Pero lo que no deja de llamar la atención es que el PRD, ya sin Andrés Manuel López Obrador en sus filas, haya dejado de lado su eterna acusación contra el PRI de tener los mismos intereses que el PAN. Ahora no más PRI-AN. Lo que hoy vemos en muchos estados de la república son alianzas impúdicas entre la imaginaria izquierda, el PRD, y la evidente derecha que bien representa el PAN. Es curioso que la derrota los haya llevado a instrumentar esos planes perversos, que muestran que están lejos de tener un proyecto ideológico, y que los hermana, luego de tantas pugnas y diferencias reales. Alguien, en su momento, cuando arrancaron, señaló que se trataba de una extraña mezcla de aceite y agua. En los inicios, en esos momentos en que ambas fuerzas parecían crecer incontenibles, intercambiaban acusaciones, hoy fraternizan sin temor. Madero se ha hecho el mejor amigo de Zambrano. ¿Qué pensarán las bases de cada una de esas formaciones políticas? ¿O no pensarán, como antaño lo hacían los militantes priistas, a los que les bastaba ganar?

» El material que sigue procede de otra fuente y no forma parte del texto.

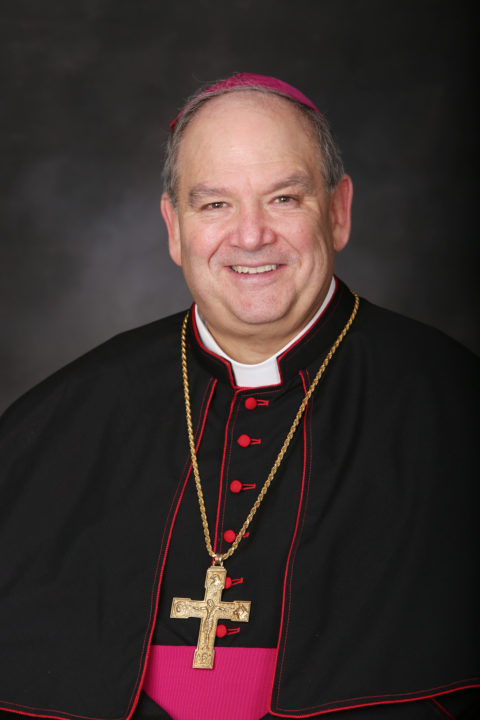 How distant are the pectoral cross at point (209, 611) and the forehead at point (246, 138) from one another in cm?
124

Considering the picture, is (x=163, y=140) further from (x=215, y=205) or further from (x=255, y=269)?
(x=255, y=269)

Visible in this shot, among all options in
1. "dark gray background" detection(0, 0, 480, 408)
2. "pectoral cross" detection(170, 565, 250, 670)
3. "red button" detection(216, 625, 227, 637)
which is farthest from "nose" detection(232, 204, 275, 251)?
"dark gray background" detection(0, 0, 480, 408)

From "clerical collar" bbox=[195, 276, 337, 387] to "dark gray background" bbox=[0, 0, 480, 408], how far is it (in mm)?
2103

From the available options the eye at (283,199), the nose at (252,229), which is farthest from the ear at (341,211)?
the nose at (252,229)

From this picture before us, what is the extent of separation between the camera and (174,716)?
288 centimetres

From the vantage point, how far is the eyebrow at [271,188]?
10.2 ft

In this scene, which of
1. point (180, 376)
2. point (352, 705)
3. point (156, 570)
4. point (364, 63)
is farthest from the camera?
point (364, 63)

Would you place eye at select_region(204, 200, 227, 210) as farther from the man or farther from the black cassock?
the black cassock

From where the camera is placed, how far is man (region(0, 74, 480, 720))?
2795mm

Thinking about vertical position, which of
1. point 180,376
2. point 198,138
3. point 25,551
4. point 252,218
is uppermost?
point 198,138

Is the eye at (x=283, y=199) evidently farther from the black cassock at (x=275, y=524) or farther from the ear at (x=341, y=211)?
the black cassock at (x=275, y=524)

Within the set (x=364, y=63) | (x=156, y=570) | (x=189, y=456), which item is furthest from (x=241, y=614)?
(x=364, y=63)

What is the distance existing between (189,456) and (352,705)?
96cm

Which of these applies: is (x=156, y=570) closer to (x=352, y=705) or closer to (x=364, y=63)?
(x=352, y=705)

Hace algunos años, nadie pensaba que el PAN pudiera fragmentarse como lo vemos actualmente. Parecía un partido de firmes principios conservadores. Un buen enemigo del PRI. Hoy está por completo desdibujado a tal grado que muchos suponen que la ineptitud de Gustavo Madero podría ser alejada con la incapacidad política de la señora, experta en autoestima, Josefina Vázquez Mota. Error. Lo que deben hacer los panistas es rehacer el partido, hacer de lado el daño que les hicieron dos exmandatarios lamentables y de larga lengua: Vicente Fox y Felipe Calderón. De lo contrario seguirán siendo los socios pobres de un PRD penoso, pero que tiene el control absoluto de la ciudad capital.
El país necesita un pluripartidismo vigoroso, pero la actual oposición sólo piensa en la revancha, en recuperar parte de lo perdido. Eso es normal, lo que no es lógico es ir a cualquier clase de alianza con tal de mantener algunas dosis de poder. El PRI, en su turno, deberá ser cauteloso en la selección de personas que manda a competir por altos o pequeños cargos públicos. No piensa en los valores cívicos de cada uno de ellos, son cuotas de poder, favores que se deben. Insisto en Puebla. O en Tijuana, donde toleran a verdaderos rufianes como voceros de un partido que intenta mostrar que ha cambiado y que sólo piensa en el bienestar de México.
No es fácil respetar la política mexicana, menos a sus actores. Los hay serios y dignos, pero la mayoría son arribistas sin grandes méritos o prófugos de otros partidos que buscan seguir en los altos o medianos cargos, cobrando dineros que no merecen. Necesitamos partidos y políticos que piensen más en nosotros como sociedad que en ellos mismos y sus cuentas bancarias, en sus guardarropas.